Après son putsch manqué, l’ex-garde prétorienne a été dissoute. La réintégration de ses hommes dans l’armée régulière est désormais un enjeu crucial.
L’affrontement entre militaires que tout le monde redoutait n’a pas eu lieu. Mais l’usage de la force a tout de même été nécessaire pour faire plier les derniers récalcitrants. Le 29 septembre, sur ordre des autorités de la transition remises en selle quelques jours plus tôt, plusieurs unités de l’armée « loyaliste » ont lancé l’assaut sur le camp Naaba Koom, la caserne de l’ex-régiment de sécurité présidentielle (RSP), dont près de 200 membres refusaient d’obtempérer à l’ordre de désarmement. Cette offensive a scellé le sort du régiment d’élite, qui, en tentant de prendre le pouvoir par les armes, a finalement fait tomber lui-même l’épée de Damoclès suspendue au-dessus de sa tête depuis près d’un an.
Sur les quelque 1 350 hommes qui le composaient (soit 10 % des effectifs de l’armée), presque tous ont déjà été redéployés dans différents corps. Une trentaine manquent à l’appel et sont désormais considérés comme des déserteurs. Enfin, une quinzaine de gradés soupçonnés d’avoir fait partie des meneurs du coup d’État ont été arrêtés par la gendarmerie et sont interrogés par la justice militaire.
Les primes du RSP
Le général Gilbert Diendéré, le chef des putschistes, ainsi que Djibrill Bassolé, ancien ministre des Affaires étrangères de Blaise Compaoré, ont eux été inculpés d’« attentat à la sûreté de l’État », placés sous mandat de dépôt et déférés à la Maison d’arrêt et de correction des armées (Maca). « L’enquête se poursuit.
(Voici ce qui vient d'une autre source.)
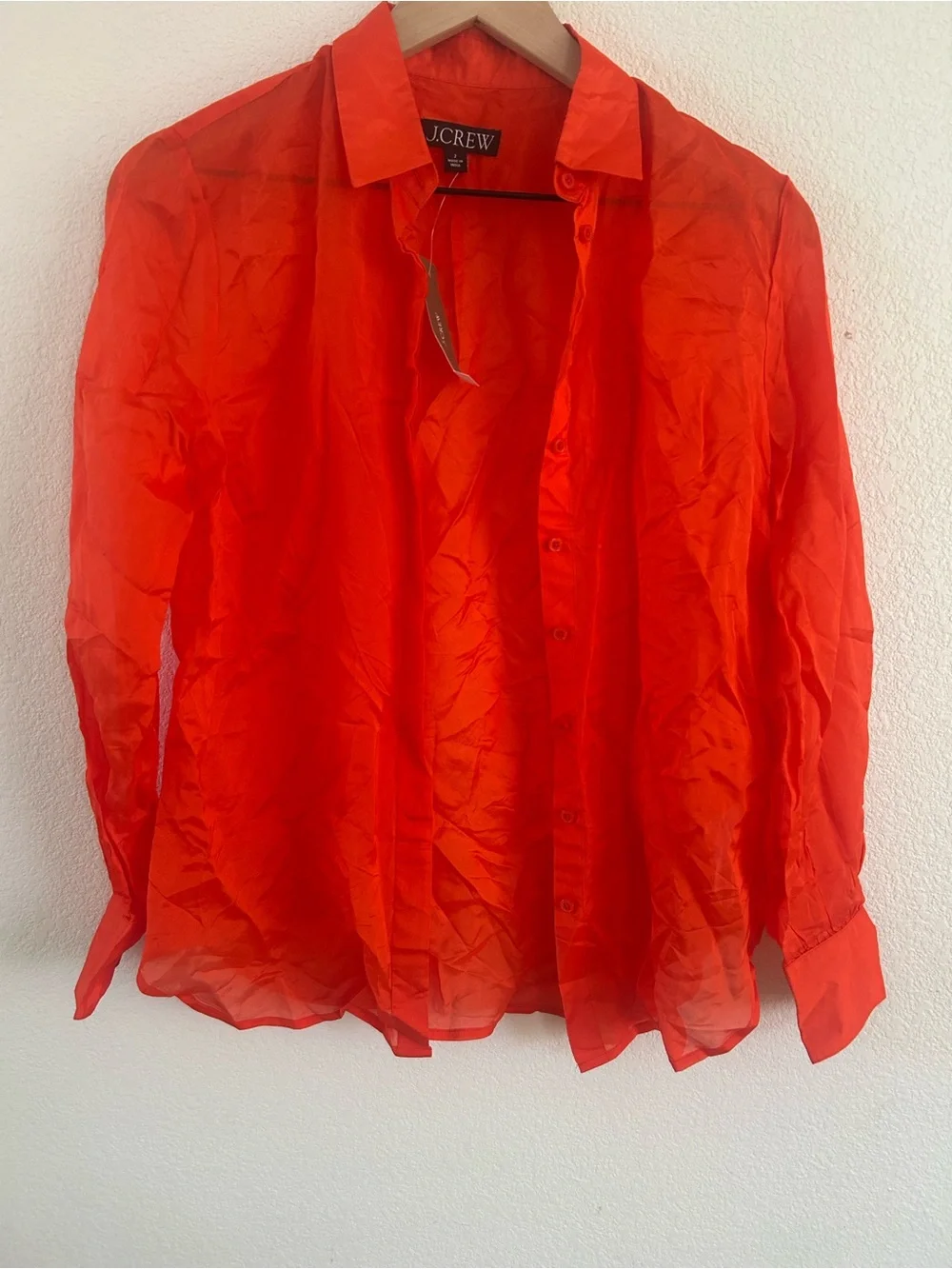 J. Crew orange Button-Down Casual Shirt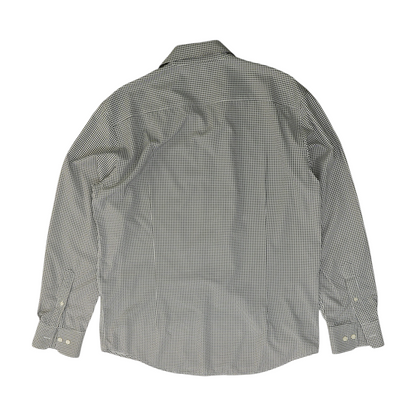 White Print Long Sleeve Button Down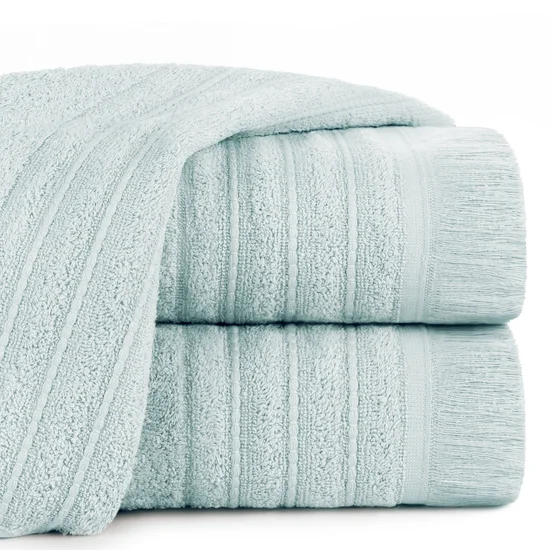 Ręcznik bawełniany MIRENA w stylu boho z frędzlami - 70 x 140 cm - miętowy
Si certains membres de l’ex-RSP sont cités comme suspects, ils pourront eux aussi être arrêtés », prévient une source sécuritaire.
Les hommes du RSP ont longtemps bénéficié des largesses de l’ex-président, qui avait l’habitude de leur distribuer régulièrement des primes, notamment en fin d’année. Pratique à laquelle les autorités de la transition ont mis fin, s’attirant l’animosité des intéressés
L’intégration de ces soldats dans les différentes garnisons du pays s’annonce délicate. Outre qu’ils pourraient pâtir de leur image de putschistes, ils pourraient faire les frais de vieilles rancunes, nées de la rivalité qui les opposait au reste de l’armée. Ancienne garde prétorienne de Blaise Compaoré, ce régiment créé en 1995 et décrit comme une « armée dans l’armée » était le mieux formé, le mieux équipé et aussi le mieux payé. Ses hommes ont longtemps bénéficié des largesses de l’ex-président, qui avait l’habitude de leur distribuer régulièrement des primes, notamment en fin d’année. Pratique à laquelle les autorités de la transition ont mis fin, s’attirant l’animosité des intéressés.
Difficile intégration
Après avoir longtemps suscité la méfiance et la jalousie de leurs frères d’armes, les militaires de l’ex-RSP, dont certains ne cachaient pas leur sentiment de supériorité, se retrouvent aujourd’hui en position de faiblesse. Les liens étroits qu’entretiennent les officiers et sous-officiers de ces différents corps depuis leurs années de formation seront décisifs pour éviter que les vaincus soient victimes de brimades et préserver la cohésion des forces armées. Conscientes de la difficulté de cette intégration, les autorités de transition, le lieutenant-colonel et Premier ministre Yacouba Isaac Zida en tête, ont appelé les unités qui recevront des anciens du RSP à les accueillir « en toute fraternité ».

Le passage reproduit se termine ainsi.